Les AuCoin Puts the Bow on Gordo's Callow Conversion

We almost never do "this is awesome--go read this!!" shout-outs at LO; most of our readers are smart enough to have probably read whatever it is anyway, before they even got here. Certainly many of them read former Congressman Les AuCoin, and if so you can skip this one. For the rest, treat yourself to what I consider the definitive analysis on Gordon Smith's sudden (and convenient) apparent turnabout on Iraq. We've done several pieces on it, and that's partly because the entire media, traditional and otherwise, can't seem to stop referencing it either. (Russell Sadler has yet another take on it in today's BlueO.) If not a fundamentally major moment in the political history of the war, its bizarrely timed nature lent itself to much speculation, searching for signposts and milestones.

But for us younger folks not old enough to Get Clean for Gene, Les shows that craven, strategically expectant moves like Gordon's are nothing new by quoting McCarthy:
...all I could do is recall the words of an authentic anti-war hero in the late Sixties—Gene McCarthy, the Minnesota poet/senator/presidential candidate. McCarthy coined this political definition of a politician of Smith’s ilk:

“Once the real battle is over, they come in and shoot the wounded.”

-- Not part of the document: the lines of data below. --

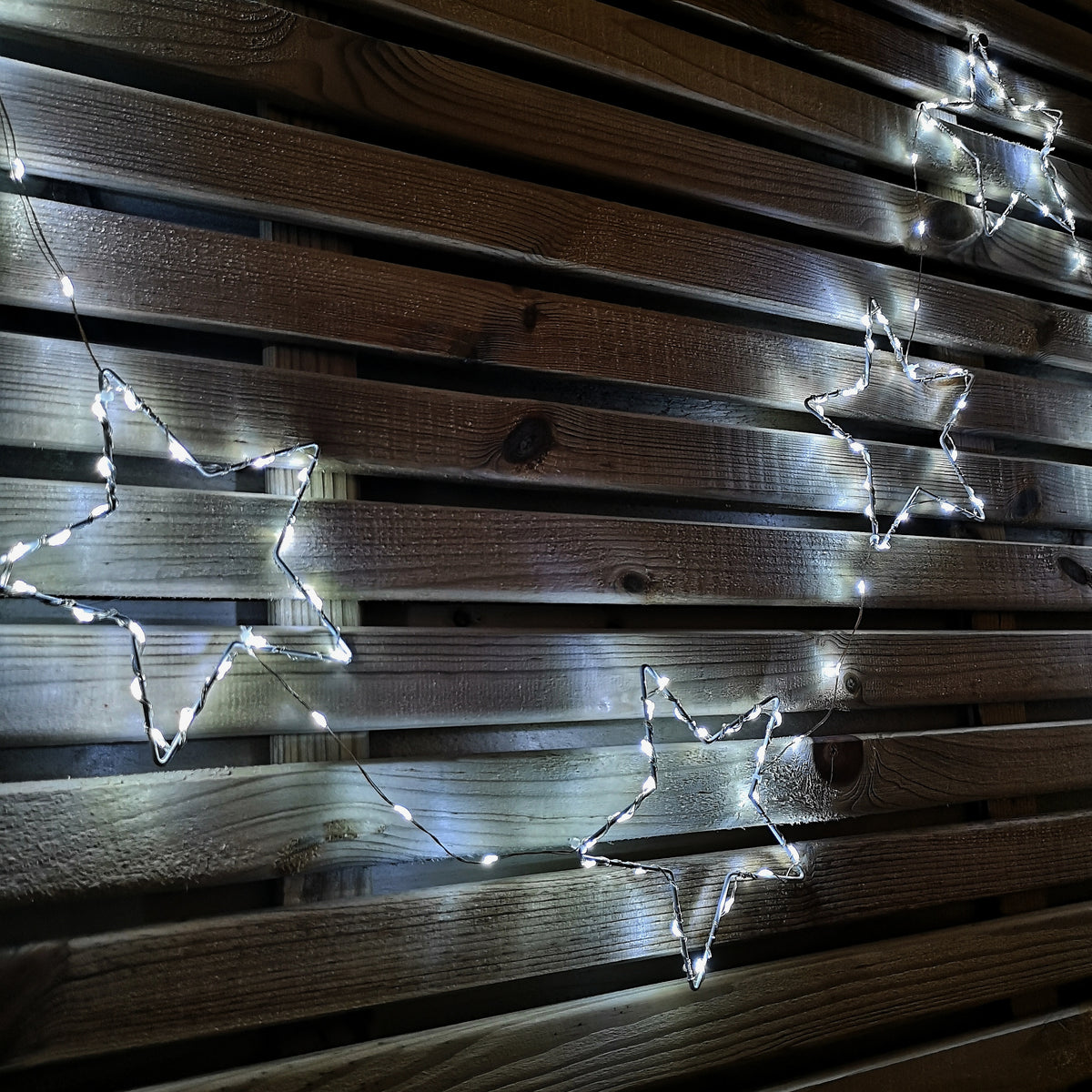 2.6m Set of 10 Star Curtain Lights 227 Cool White LEDs Microbrights String Lights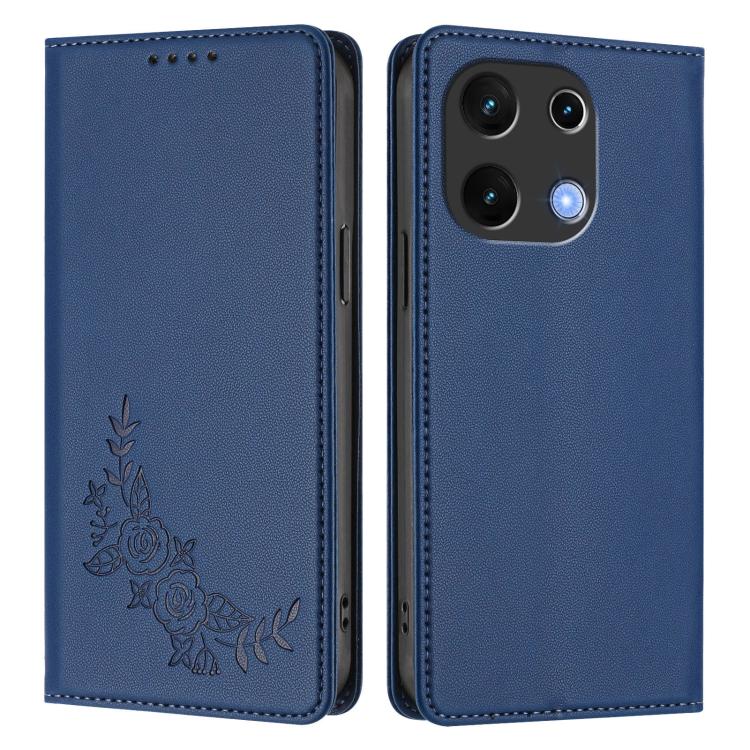 For UMIDIGI Note 100 Peony Embossed Magnetic RFID Vegan Leather Phone Case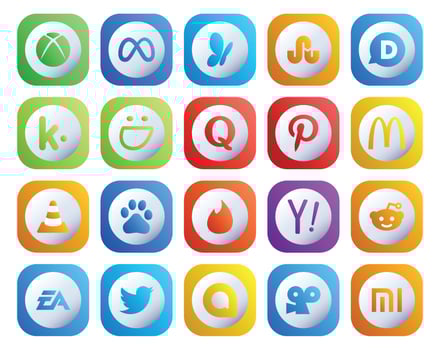 20 Social Media Icon Pack Including yahoo baidu quora player vlc vector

That’s you, Gordon. After others braved the wrath of misled voters to help the public see Bush’s sophistry—after they risked their careers to turn the war into a political liability for you and other war supporters—only then did you locate your spine.
AuCoin goes on, devastatingly, to point out any number of points and milestones where Smith could have discovered conscience or felt the pull of reality. That's the sense that really seems to have been infused into the general reaction to Smith's turnabout--where were you until now? If he was looking for people to be grateful or kind for his epiphany, he fucked up.

It was another hat tip to a political wag--this time uncredited--that spurred me to post Les' link: he called Smith's 180 the “earliest deathbed conversion in political history.”

Metaphorically and career-wise, I'd say 23 months early.